Table 2 below shows different metrics comparing the MFCC and Mel-spectrogram cases. While the sensitivity is a measure of the proportion of the actual positive cases that were correctly predicted, specificity is the measure used to determine the proportion of correctly predicted negative cases. Specificity can be considered complementary to the false positive rate (FPR). The precision and F1 score (or F-measure) can also be seen in
Table 2 below, where precision is the ratio of relevant events to the total events, and the F1-score is the harmonic mean of precision and sensitivity.
From the overall metrics, the CNN classifier using the MFCC features as inputs appears to be performing better than the model using the Mel-spectrogram features. By inspecting the receiver operating characteristic curve (ROC) shown in
Figure 10 below, we notice that the classifier with the MFCC feature extraction attains 0.9971 for the area under the curve (AUC), which is better than that of the Mel-spectrogram case.
5. Conclusions
The work in this paper presented a new sound dataset consisting of a series of plastic bag explosion sounds. These explosion sounds closely match gunshot sounds.

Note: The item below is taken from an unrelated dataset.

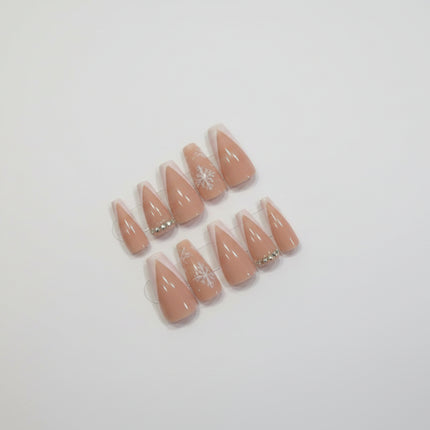 White snowflakes press on nails - Foostuff! Amazing Deals Every Day!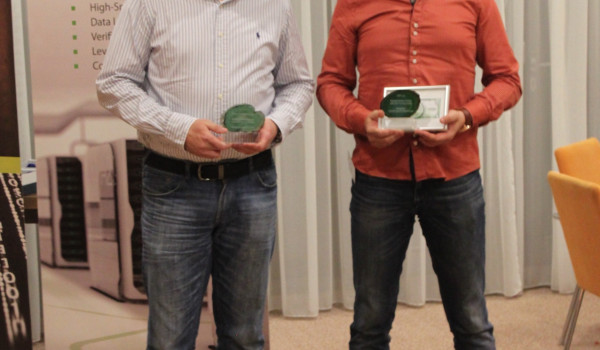 Ocenění pro slovenské partnery převzali (zleva) Miroslav Karell (Vision IT Solutions) a Milan Rovčanín (CDP)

The main aim of this data collection was to improve the performance of a gunshot detection algorithm, in particular, to reduce its false positive rate, i.e., to reduce the chances of treating innocuous audio trigger events as perilous audio events involving firearms. We also developed a simple classification algorithm, as a baseline, to illustrate the relevance of this data collection effort. It is understood that it may be a daunting task to account for all sounds that are similar to a gunshot sound. Arranging binary classification of various types of gunshot-like sounds vs. real gunshot sounds, one type at a time, in a hierarchical classification scheme, it is foreseen that a classification model can be developed to achieve satisfactory performance in separating all types of fake gunshot sounds from true gunshot sounds. This dataset, along with the classification model trained for gunshot and gunshot-like sounds, in turn, is a step leading to much fewer false positives and in improving overall public safety by deploying critical personnel only when necessary.